Upon hearing the words linear particle accelerator, it is common to think of a very high tech building connected to a long accelerator.  It is easy to expect very complicated machinery in a modern organized building.  Inside, everything is partitioned off neatly and fairly open.  The Los Alamos Neutron Science Center (LANSCE for short) is nothing like that.

The LANSCE accelerator begins in a very organized fashion.  Upon driving past the guard gate there is a bend in the road and then the beginning of the accelerator comes to view.  The road turns past the main complex and follows the accelerator down its half mile length, then the unexpected happens.  What was one long building blossoms into a hodgepodge of structures that seem to be placed randomly.  To traverse the path between any of these edifices it is often necessary to travel through an obstacle course of 3 ton concrete bricks, makeshift stairways, beam dumps, barbed wire fences, precolombian ruins and beam pipes.  The photo below shows one such obstacle, and in case you can not read the two signs posted near the pipe they say, “DANGER, HIGH RADIATION AREA” and “Beam Pipe Do Not Linger.”
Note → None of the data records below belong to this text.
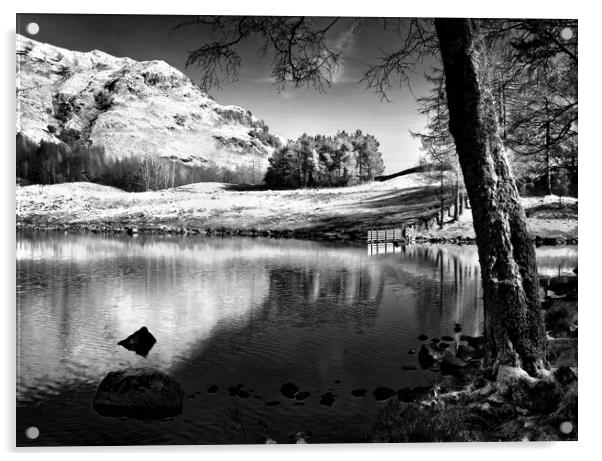 The Banks of Blea Tarn     Acrylic by Darren Galpin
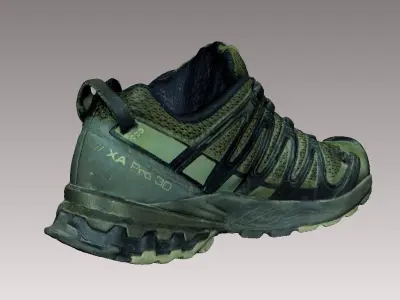 Salomon XA PRO 3D V8 shoe 3D model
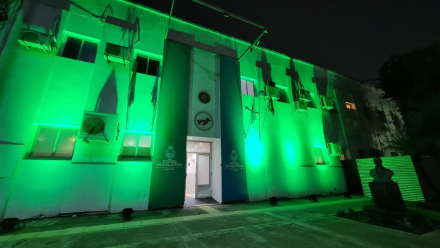 legislatura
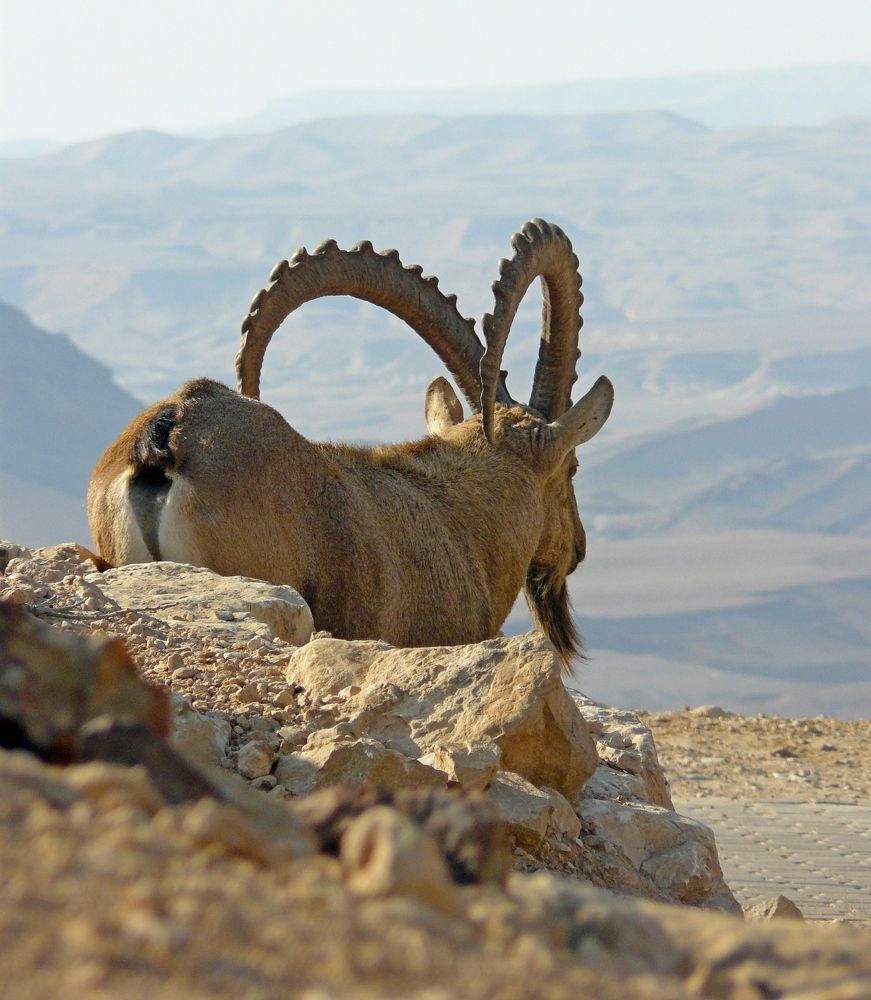 Photograph by леонид натапов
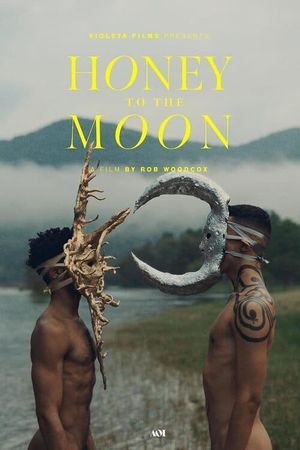 Honey to the Moon's poster image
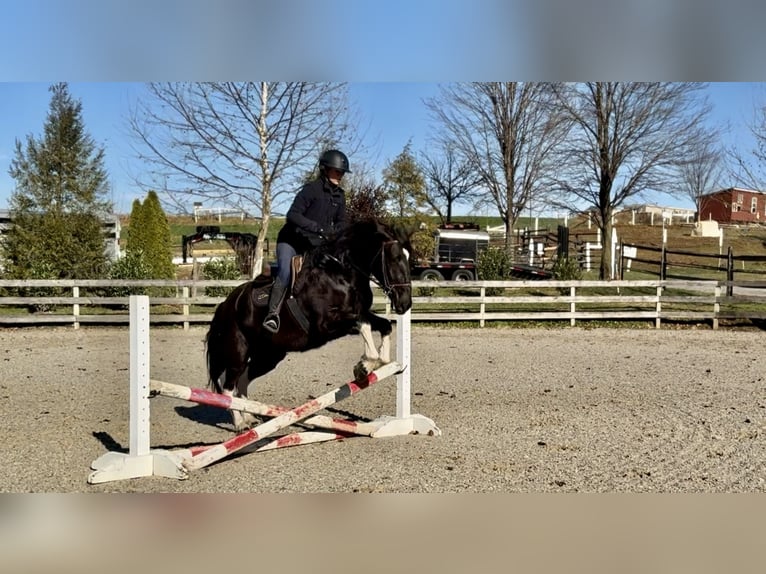 Trekpaard Mix Merrie 3 Jaar 155 cm Gevlekt-paard in Gap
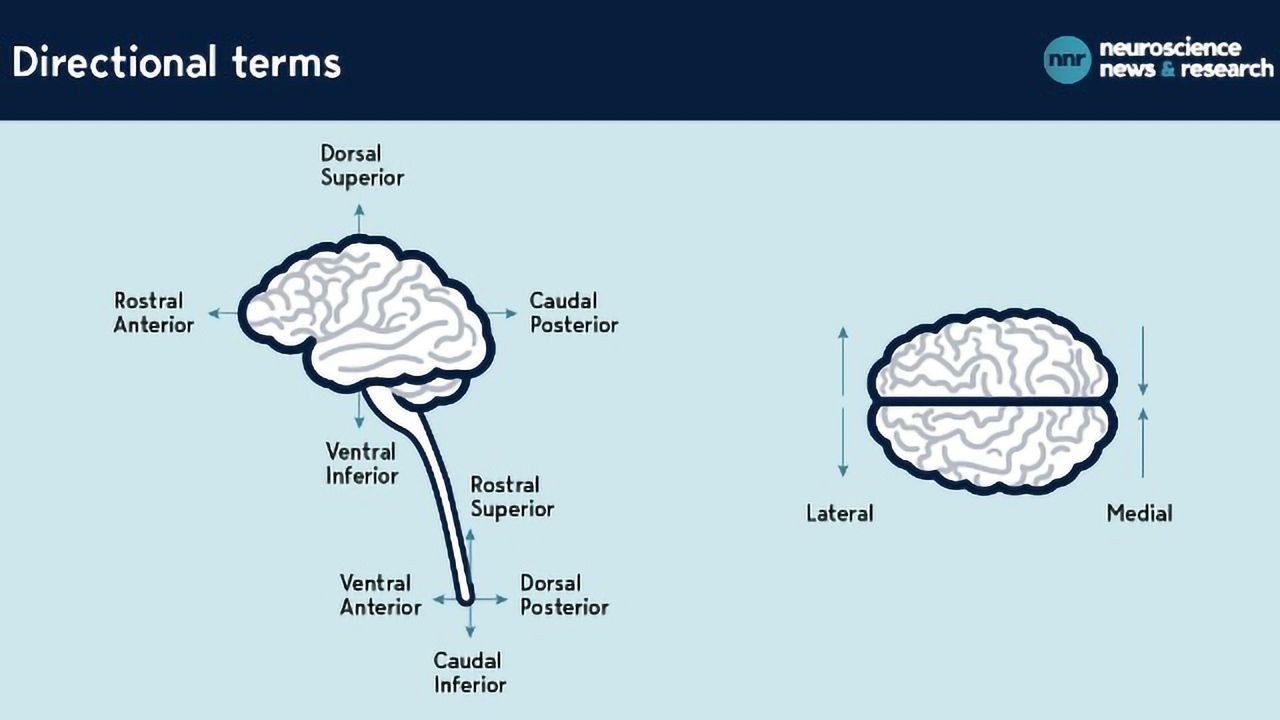 Navigating the Brain: A Cheat Sheet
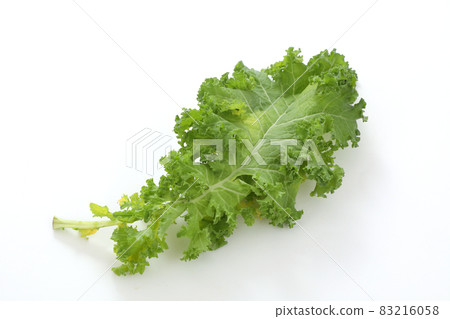 Kale Kale 83216058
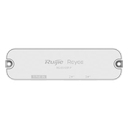 RG-ES103F-P - 2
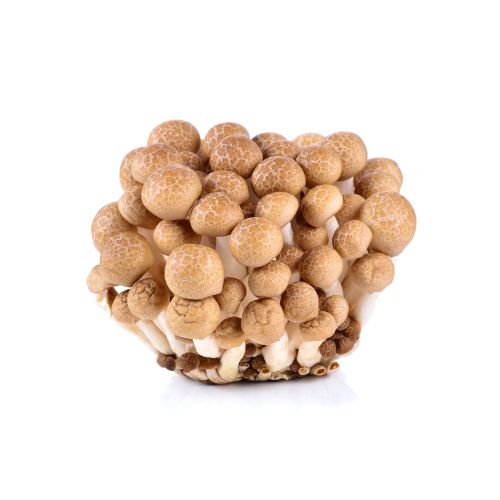 Гъби шимеджи, кафяви (150 г)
The LANSCE particle beam--do not linger.

The LANSCE particle beam--do not linger.

Taken aback by the bizarre layout and the hive network of dirt paths, it would be easy to dismiss LANSCE as a backyard science project that has grown out of control, but  the proton accelerator has one more surprise.  The design may be random, but some of the most cutting edge experiments take place in these odd buildings.

After the protons are accelerated to 84% of the speed of light in just a half mile, they strike a target that spews out neutrons in all directions.  The energy of the neutrons depends on the angle that they leave the target.  This explains the seemingly random placement of some of the structures.  Each different building is receiving neutrons with different energy levels that are then used by the scientists for their own purposes.  Anything from cross-section data to irradiating microchips can be examined with this exceptional facility.

LANSCE is a very district place to work with awesome science and technology perched on the edge of a  plateau with a great view, and where ducking under a radioactive beam pipe is just another day at the office.